Kirkus Reviews QR Code
EVERY PATIENT TELLS A STORY by Lisa Sanders

EVERY PATIENT TELLS A STORY

Medical Mysteries and the Art of Diagnosis

by Lisa Sanders

Pub Date: Oct. 6th, 2009
ISBN: 978-0-7679-2246-3
Publisher: Broadway

A doctor’s insightful reflections on the disconnect between how physicians should practice and how they actually practice.

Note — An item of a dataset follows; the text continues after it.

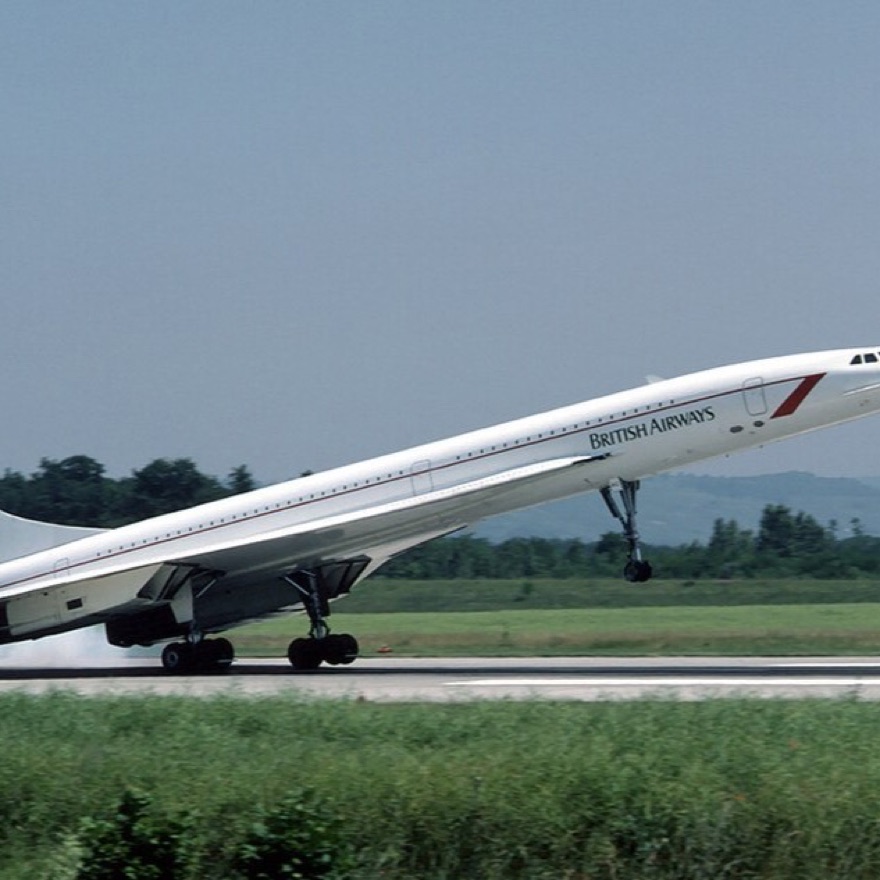 concorde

Although she is a consulting producer for the TV show House, Sanders (Medicine/Yale Univ. School of Medicine) admits that movie and TV doctors make diagnoses seemingly by magic or by uncovering a single overlooked clue. Real doctors listen carefully to patients and examine them, a procedure ignored in fiction but also by many of the current generation of doctors who often prefer tests and advanced technology. “Ultimately,” she writes, “the primary work of doctors is to treat pain and relieve suffering.” Sanders tells the story of one patient who was feverish and clearly suffering from a severe infection, yet massive intravenous antibiotics weren’t helping. A doctor noticed that one of the patient’s toes looked gangrenous. When it was amputated, the infection vanished. Patients and doctors yearn intensely for a diagnosis—so intensely, in fact, that they may find one that doesn’t actually exist. Writes Sanders: “Translating the big, various, complicated, contradictory story of the human being who is sick, into the spare, stripped down, skeletal language of the patient in the bed, and then making that narrative reveal its conclusion—that is the essence of diagnosis.” The author also delves into Lyme disease, a tick-born infection that certainly exists but has given rise to a controversial movement in which a small group of patients suffering fatigue, pains, fever and general misery see a small group of doctors who diagnose a chronic Lyme infection that may require a lifetime of treatment. Studies cast doubt on the existence of this ailment, but both patients and doctors dismiss them, as they dismissed past skepticism of diseases such as the Epstein-Barr virus.

Fans of Jerome Groopman and Atul Gawande will appreciate this first collection by another astute observer of the medical profession.